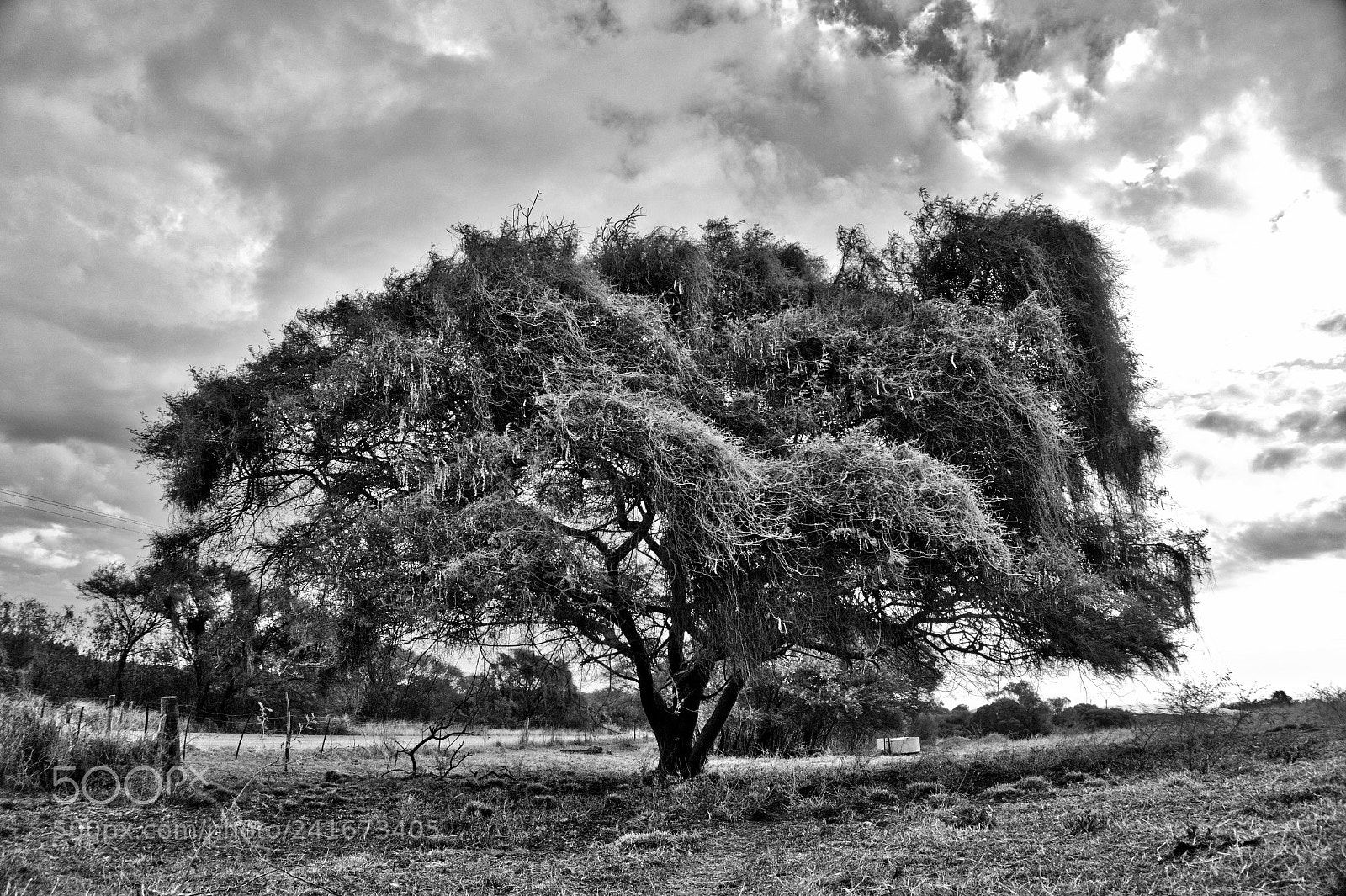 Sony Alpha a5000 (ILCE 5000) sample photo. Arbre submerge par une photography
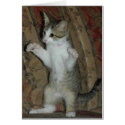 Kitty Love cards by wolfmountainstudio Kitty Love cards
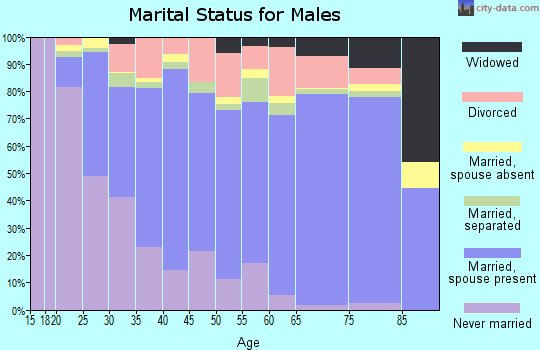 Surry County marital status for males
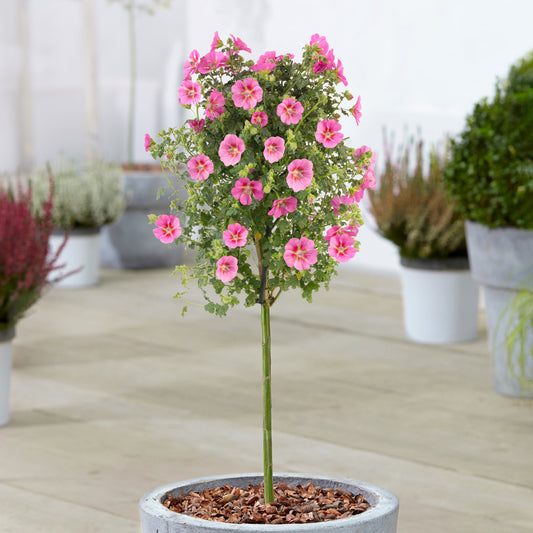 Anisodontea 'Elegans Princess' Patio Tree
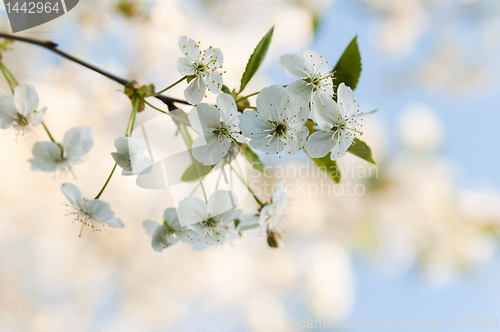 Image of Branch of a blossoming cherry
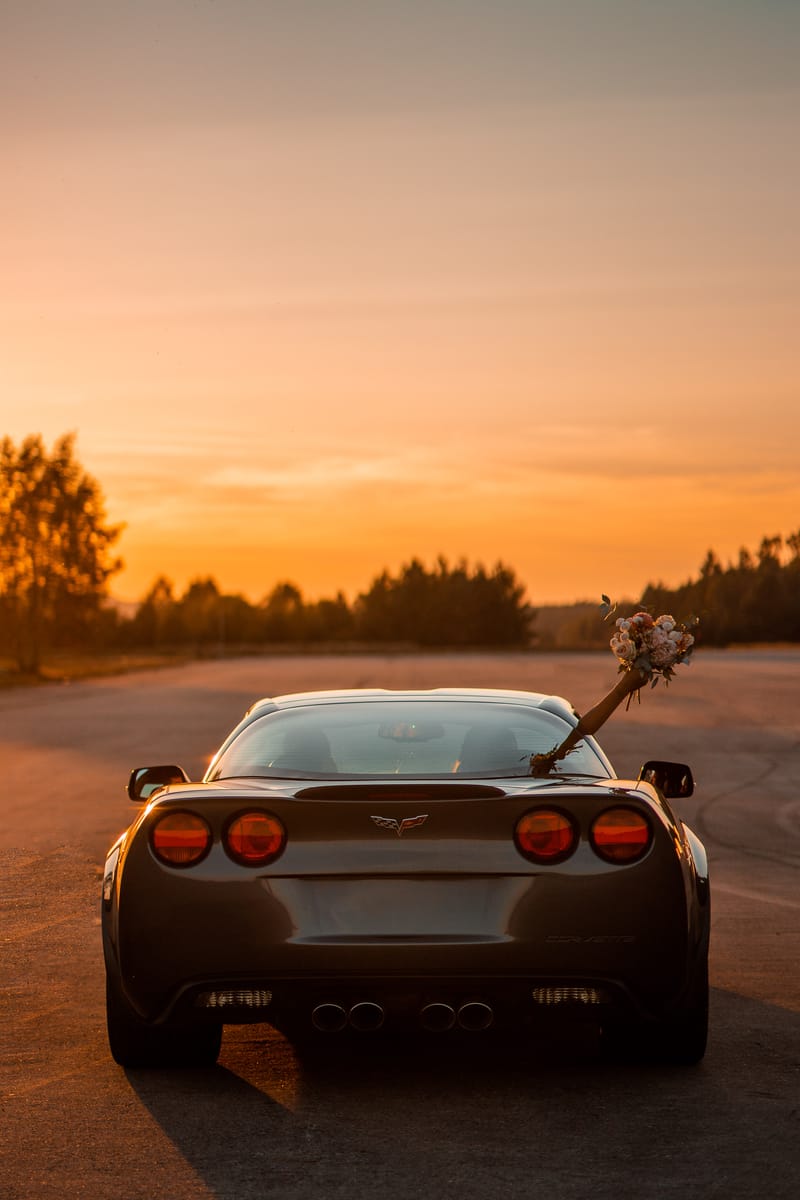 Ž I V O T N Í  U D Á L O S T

--

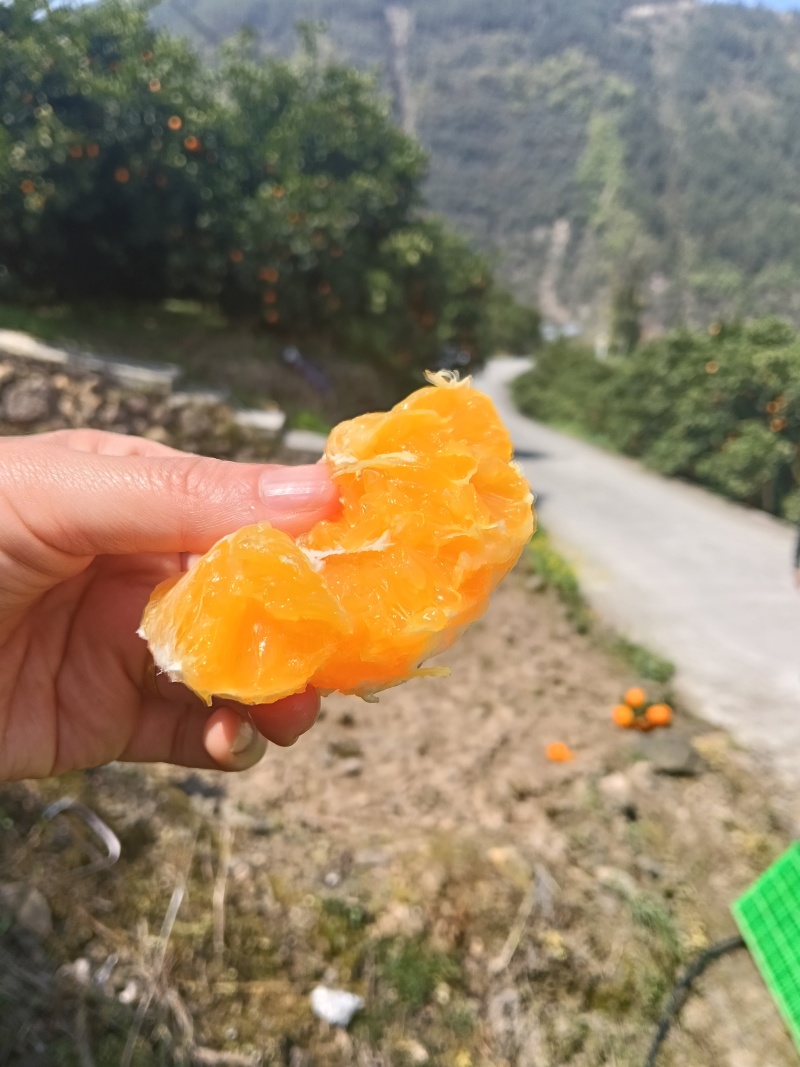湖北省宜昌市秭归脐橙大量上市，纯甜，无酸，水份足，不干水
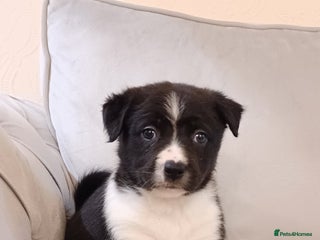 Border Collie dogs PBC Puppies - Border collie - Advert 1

• _TASK_
Transcribe the listing above exactly, but only from the line with "Kitty Love cards by" through the line with "Ž I V O T N". Include both of those lines and omit the pictures.

• _WRITTEN ANSWER_
 Kitty Love cards by wolfmountainstudio Kitty Love cards
 Surry County marital status for males
 Anisodontea 'Elegans Princess' Patio Tree
 Image of Branch of a blossoming cherry
 Ž I V O T N Í  U D Á L O S T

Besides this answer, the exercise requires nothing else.